Alternatively, the NRC approach, we still
have a single vertical conduit, 1 to 10 waste packages
are intercepted, it depends on the diameter of the
conduit, on average 5 waste packages. However, there
are these numerical experiments and calculations being
done to look at what happens when the magma hits the
drift, and there are evaluations for that at the
current time we are looking at it is on average. It
could be as high as 100 waste packages, depending on
some assumptions in terms of how far down the draft
things go. But if we represented today this
alternative, you'd be looking at approximately 100
waste packages versus the 5.
DOE has a very similar approach right now
of looking at a single conduit up through the
Repository. They sampled somewhere between 3 to 30
waste packages, a median value of around 10, as part
of this vertical conduit. They have agreed to look at
this alternative approach. We haven't seen any of
their analysis related to this, but that's part of the
--
MR. LARSON: Is the alternative approach
only for dikes, or is it for a pipe?
MR. McCARTIN: Well, if the dike comes up,
intersects the drift, the Repository drifts, and then
the question, where does the conduit form? And it's
the dike actually that's intercepting the drift, and
could intercept multiple drifts, which is how we get
the possibility for 100 waste packages, and it is on
average 2 drifts are intercepted and where conduits
form.
MR. LARSON: Maybe the committee knows
this already but, if not, just what is NRC doing in
this area at this time, have you people learned that?
Do you know what --
MR. McCARTIN: Well, I thought in August
Brit Hill gave a presentation to the committee in
terms of the -- both there are numerical calculations
going on with laboratory experiments, analog
experiments, to try to corroborate the numerical
calculations. I don't know if Brit wants to add to
that at all, but --
MR. HILL: We also went over this last
month.
CHAIRMAN GARRICK: The one thing that has
always been difficult for me to understand, and not
being an earth scientist, it's not difficult to
understand why I don't understand, but it's one thing
to get these recurrence intervals on the basis of the
kind of data we've been talking about, but what do you
use to establish your insights on pathways and depths
and magma flow and what have you? Where do you get
that information? How do you get that information?

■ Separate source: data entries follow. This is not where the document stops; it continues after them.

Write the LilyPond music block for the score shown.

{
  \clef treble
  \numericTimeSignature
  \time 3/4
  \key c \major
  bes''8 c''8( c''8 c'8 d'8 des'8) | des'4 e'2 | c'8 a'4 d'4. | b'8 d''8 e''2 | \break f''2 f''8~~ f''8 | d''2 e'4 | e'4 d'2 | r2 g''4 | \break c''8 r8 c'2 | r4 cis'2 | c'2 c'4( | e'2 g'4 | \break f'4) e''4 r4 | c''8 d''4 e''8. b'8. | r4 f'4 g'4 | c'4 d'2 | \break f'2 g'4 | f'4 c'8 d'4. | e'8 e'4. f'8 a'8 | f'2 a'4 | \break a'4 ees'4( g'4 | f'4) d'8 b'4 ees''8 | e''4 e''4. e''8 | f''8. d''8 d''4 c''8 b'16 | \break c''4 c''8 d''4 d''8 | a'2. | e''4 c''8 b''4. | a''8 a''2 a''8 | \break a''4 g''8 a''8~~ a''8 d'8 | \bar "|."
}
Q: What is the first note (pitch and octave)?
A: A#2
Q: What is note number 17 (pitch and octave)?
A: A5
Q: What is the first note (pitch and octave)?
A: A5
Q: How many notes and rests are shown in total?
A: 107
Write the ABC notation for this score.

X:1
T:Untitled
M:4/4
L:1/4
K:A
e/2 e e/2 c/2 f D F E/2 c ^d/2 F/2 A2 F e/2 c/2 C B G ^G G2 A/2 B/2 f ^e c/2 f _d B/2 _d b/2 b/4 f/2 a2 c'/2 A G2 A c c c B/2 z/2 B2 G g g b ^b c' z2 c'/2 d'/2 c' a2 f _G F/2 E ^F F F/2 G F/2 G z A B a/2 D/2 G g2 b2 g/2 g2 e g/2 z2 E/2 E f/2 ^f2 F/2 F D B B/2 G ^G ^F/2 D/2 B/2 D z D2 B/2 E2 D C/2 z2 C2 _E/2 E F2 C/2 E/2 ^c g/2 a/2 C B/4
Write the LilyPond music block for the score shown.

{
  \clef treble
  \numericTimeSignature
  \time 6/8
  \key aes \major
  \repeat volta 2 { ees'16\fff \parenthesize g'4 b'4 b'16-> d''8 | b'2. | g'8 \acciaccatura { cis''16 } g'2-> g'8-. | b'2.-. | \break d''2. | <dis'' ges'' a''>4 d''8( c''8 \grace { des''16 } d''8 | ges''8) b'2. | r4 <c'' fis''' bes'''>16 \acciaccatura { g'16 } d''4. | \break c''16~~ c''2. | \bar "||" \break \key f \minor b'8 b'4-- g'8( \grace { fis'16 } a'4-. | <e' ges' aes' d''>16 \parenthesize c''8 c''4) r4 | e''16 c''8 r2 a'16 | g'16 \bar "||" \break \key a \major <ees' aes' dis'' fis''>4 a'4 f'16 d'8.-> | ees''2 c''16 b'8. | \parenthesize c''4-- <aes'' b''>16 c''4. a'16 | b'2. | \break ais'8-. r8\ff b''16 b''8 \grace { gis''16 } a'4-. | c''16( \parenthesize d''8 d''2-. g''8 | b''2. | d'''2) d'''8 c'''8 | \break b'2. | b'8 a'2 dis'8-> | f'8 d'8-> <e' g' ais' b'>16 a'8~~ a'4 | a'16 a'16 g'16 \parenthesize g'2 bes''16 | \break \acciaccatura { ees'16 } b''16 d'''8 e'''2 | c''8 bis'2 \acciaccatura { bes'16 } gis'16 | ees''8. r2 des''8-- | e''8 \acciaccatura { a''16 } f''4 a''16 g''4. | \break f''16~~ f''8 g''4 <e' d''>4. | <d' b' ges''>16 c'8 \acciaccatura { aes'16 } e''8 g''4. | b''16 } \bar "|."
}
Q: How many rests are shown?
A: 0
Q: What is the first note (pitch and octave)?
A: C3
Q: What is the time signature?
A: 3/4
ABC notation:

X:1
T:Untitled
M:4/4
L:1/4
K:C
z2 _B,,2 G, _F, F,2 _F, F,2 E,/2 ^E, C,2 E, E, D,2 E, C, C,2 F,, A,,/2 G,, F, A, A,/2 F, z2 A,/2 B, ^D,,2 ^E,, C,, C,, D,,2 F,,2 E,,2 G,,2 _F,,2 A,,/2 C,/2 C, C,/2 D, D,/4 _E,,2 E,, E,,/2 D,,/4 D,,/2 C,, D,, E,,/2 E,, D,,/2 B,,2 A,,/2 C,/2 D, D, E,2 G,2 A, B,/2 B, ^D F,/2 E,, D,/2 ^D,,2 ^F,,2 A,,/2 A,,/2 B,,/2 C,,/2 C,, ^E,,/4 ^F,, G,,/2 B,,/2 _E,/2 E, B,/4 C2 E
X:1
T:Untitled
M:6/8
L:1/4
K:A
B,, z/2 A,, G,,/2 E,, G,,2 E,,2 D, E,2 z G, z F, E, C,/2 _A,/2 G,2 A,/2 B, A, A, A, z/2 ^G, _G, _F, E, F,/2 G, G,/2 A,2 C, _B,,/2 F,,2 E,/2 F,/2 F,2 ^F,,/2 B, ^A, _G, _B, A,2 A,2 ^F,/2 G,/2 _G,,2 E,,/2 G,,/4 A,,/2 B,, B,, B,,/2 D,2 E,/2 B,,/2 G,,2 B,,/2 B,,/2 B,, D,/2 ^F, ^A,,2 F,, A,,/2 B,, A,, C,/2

MR. HILL: There's a lot of sources of
information. At first, we are strongly based on an
analog approach where we looked at similar volcanoes
that have been recently active. Second, on the flow
pathways, we're taking a stronger numerical and analog
experimentation approach because we can't go down 300
meters and look at these sorts of conditions. And
it's unprecedented that ascending magma has
intersected a horizontal void of any extent at these
kind of depths. We hear a lot of tubes, but they are
very, very shallow, and so you don't have the same
sort of depressurization and flow phenomenon that you
would expect down at 300 meters. That's in part why
we've been doing a lot of the experimentation and are
talking about this year continuing with fluid dynamic
flow experiments to better look at this kind of a
process at the appropriate scale for fluid containing
a lot of gas. But there really is a lot of
information out there on how normal volcanoes of
similar composition and volume and character, how the
volcanoes erupt in nature. We can glean an awful lot
of the physics and fluid dynamics just by very
straightforward observation and simplified modeling.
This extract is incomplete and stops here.